3. Komponen perilaku mencerminkan bagaimana seseorang
sesungguhnya berperilaku ketika mengalami godaan untuk berbohong, curang, atau
melanggar aturan moral lainnya. Komponen perilaku moralitas (moral behavior)
merupakan tindakan yang konsisten terhadap moral seseorang dalam situasi di
mana mereka harus melanggarnya. Islam menggambarkan bahwa memilih melakukan
jalan yang benar seperti menempuh jalan yang mendaki lagi sukar. Dan Kami telah
menunjukkan kepadanya dua jalan. Tetapi dia tidak menempuh jalan yang mendaki
lagi sukar. (QS Al-Balad (90), 10-11) Melakukan sesuatu pada jalan yang benar
merupakan pilihan bagi umat Islam, meskipun sulit.
b. Perkembangan Moral Remaja
Seseorang
dapat dikatakan bermoral, apabila tingkah laku orang tersebut sesuai dengan
nilai-nilai moral yang dijunjung tinggi oleh kelompok sosialnya. Sehingga tugas
penting yang harus dikuasai remaja adalah mempelajari apa yang diharapkan oleh
kelompok daripadanya dan kemudian mau membentuk perilakunya agar sesuai dengan
harapan sosial tanpa terus dibimbing, diawasi, didorong, dan diancam hukuman
seperti yang dialami waktu anak-anak.
Remaja
diharapkan mengganti konsep-konsep moral yang berlaku umum dan merumuskannya ke
dalam kode moral yang akan berfungsi sebagai pedoman bagi perilakunya.
Tidak kalah
pentingnya, sekarang remaja harus mengendalikan perilakunya sendiri, yang
sebelumnya menjadi tanggung jawab orang tua dan guru. Mitchell telah meringkaskan
lima perubahan dasar dalam moral yang harus dilakukan oleh remaja yaitu:
1. Pandangan moral
individu semakin lama semakin menjadi lebih abstrak dan kurang konkret.
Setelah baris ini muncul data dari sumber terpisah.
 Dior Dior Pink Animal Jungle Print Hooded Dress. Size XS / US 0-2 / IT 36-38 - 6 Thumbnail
2. Keyakinan moral lebih berpusat pada apa yang benar dan
kurang pada apa yang salah. Keadilan muncul sebagai kekuatan moral yang
dominan.
3. Penilaian moral menjadi semakin kognitif. Ia mendorong
remaja lebih berani menganalisis kode social dan kode pribadi dari pada masa
anak-anak dan berani mengambil keputusan terhadap berbagai masalah moral yang
dihadapinya.
4. Penilaian moral menjadi kurang egosentris.
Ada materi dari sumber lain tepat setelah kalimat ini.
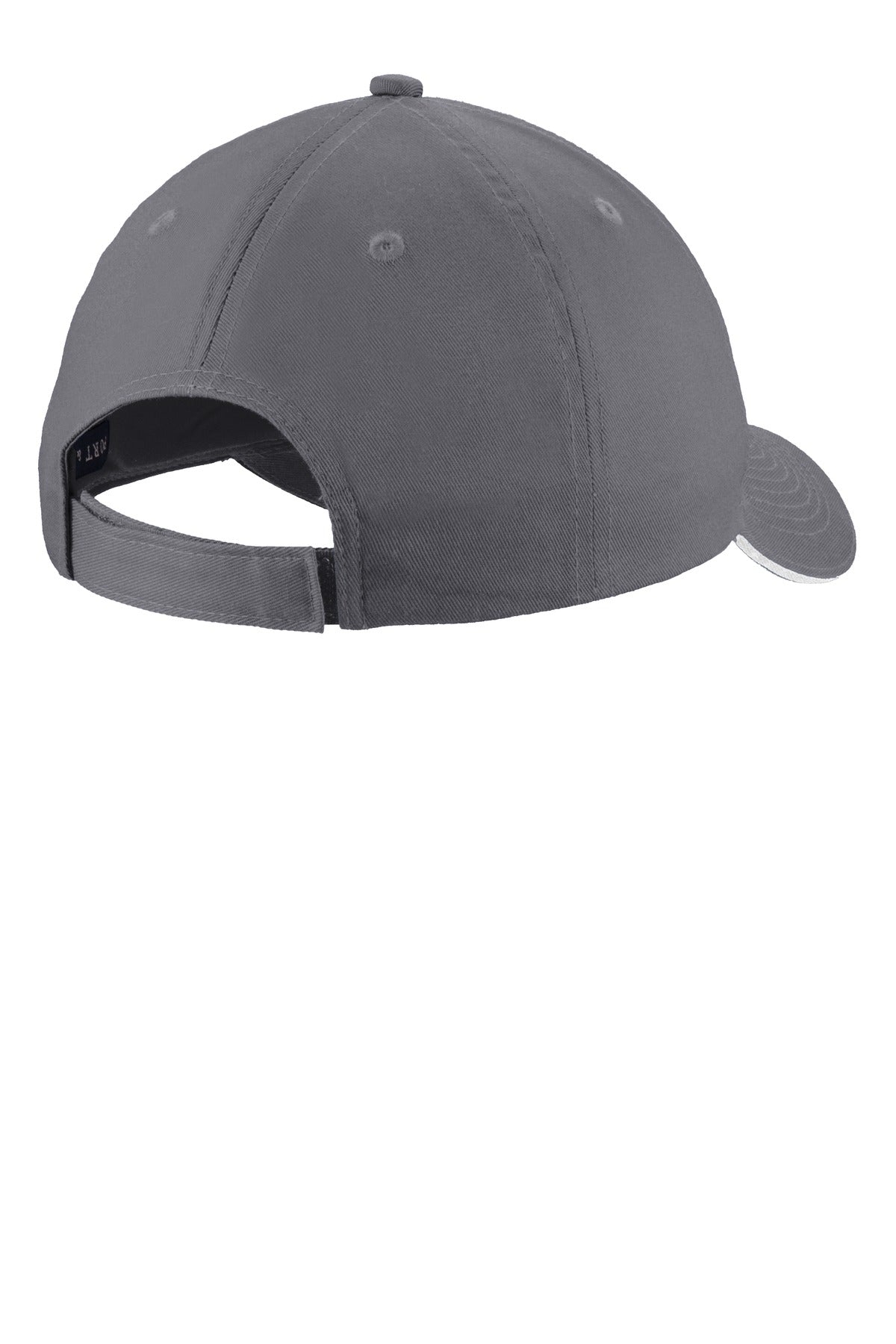 Port Authority Unstructured Sandwich Bill Cap. C919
5. Penilaian moral secara psikologis menjadi lebih mahal
dalam arti bahwa penilaian moral merupakan bahan emosi dan menimbulkan
ketegangan psikologis.
Pada masa remaja, laki-laki dan perempuan telah mencapai apa yang oleh Piaget disebut tahap pelaksanaan formal dalam kemampuan kognitif. Sekarang remaja mampu mempertimbangkan semua kemungkinan untuk menyelesaikan suatu masalah dan mempertanggungjawabkannya berdasarkan suatu hipotesis atau proporsi. Jadi ia dapat memandang masalahnya dari berbagai sisi dan menyelesaikannya dengan mengambil banyak faktor sebagai dasar pertimbangan.
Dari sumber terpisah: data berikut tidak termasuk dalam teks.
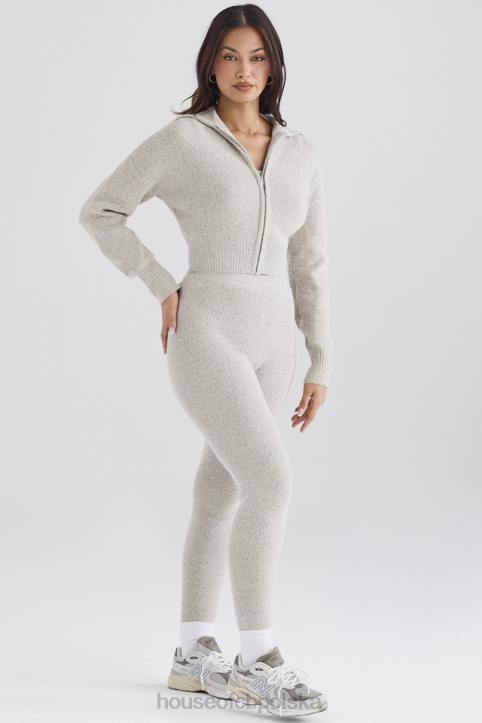 House of CB Opalowe Prążkowane Legginsy Sydney Modny Wybór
Pada masa remaja, laki-laki dan perempuan telah mencapai apa yang oleh Piaget disebut tahap pelaksanaan formal dalam kemampuan kognitif. Sekarang remaja mampu mempertimbangkan semua kemungkinan untuk menyelesaikan suatu masalah dan mempertanggungjawabkannya berdasarkan suatu hipotesis atau proporsi. Jadi ia dapat memandang masalahnya dari berbagai sisi dan menyelesaikannya dengan mengambil banyak faktor sebagai dasar pertimbangan.
Menurut
Kohlberg, tahap perkembangan moral ketiga, moral moralitas pascakonvensional
harus dicapai selama masa remaja.tahap ini merupakan tahap menerima sendiri
sejumlah prinsip dan terdiri dari dua tahap. Dalam tahap pertama individu yakin
bahwa harus ada kelenturan dalam keyakinan moral sehingga dimungkinkan adanya
perbaikan dan perubahan standar apabila hal ini menguntungkan anggota-anggota
kelompok secara keseluruhan. Dalam tahap kedua individu menyesuaikan dengan
standar sosial dan ideal yang di internalisasi lebih untuk menghindari hukuman
terhadap diri sendiri daripada sensor sosial. Dalam tahap ini, moralitas
didasarkan pada rasa hormat kepada orang-orang lain dan bukan pada keinginan
yang bersifat pribadi.
Ada tiga
tugas pokok remaja dalam mencapai moralitas remaja dewasa, yaitu:
1. Mengganti konsep moral khusus dengan konsep moral
umum.
2. Merumuskan konsep moral yang baru dikembangkan ke
dalam kode moral sebagai kode prilaku.
3. Melakukan pengendalian terhadap perilaku sendiri.
Perkembangan
moral adalah salah satu topic tertua yang menarik minat mereka yang ingin tahu
mengenai sifat dasar manusia. Kini kebanyakan orang memiliki pendapat yang kuat
mengenai tingkah laku yang dapat diterima dan yang tidak dapat di terima,
tingkah laku etis dan tidak etis, dan cara-cara yang harus dilakukan untuk
mengajarkan tingkah laku yang dapat diterima dan etis kepada remaja.
Perkembangan
moral (moral development) berhubungan dengan peraturan-peraturan dan
nilai-nilai mengenai apa yang harus dilakukan seseorang dalam interaksinya
dengan orang lain. Anak-anak ketika dilahirkan tidak memiliki moral (imoral).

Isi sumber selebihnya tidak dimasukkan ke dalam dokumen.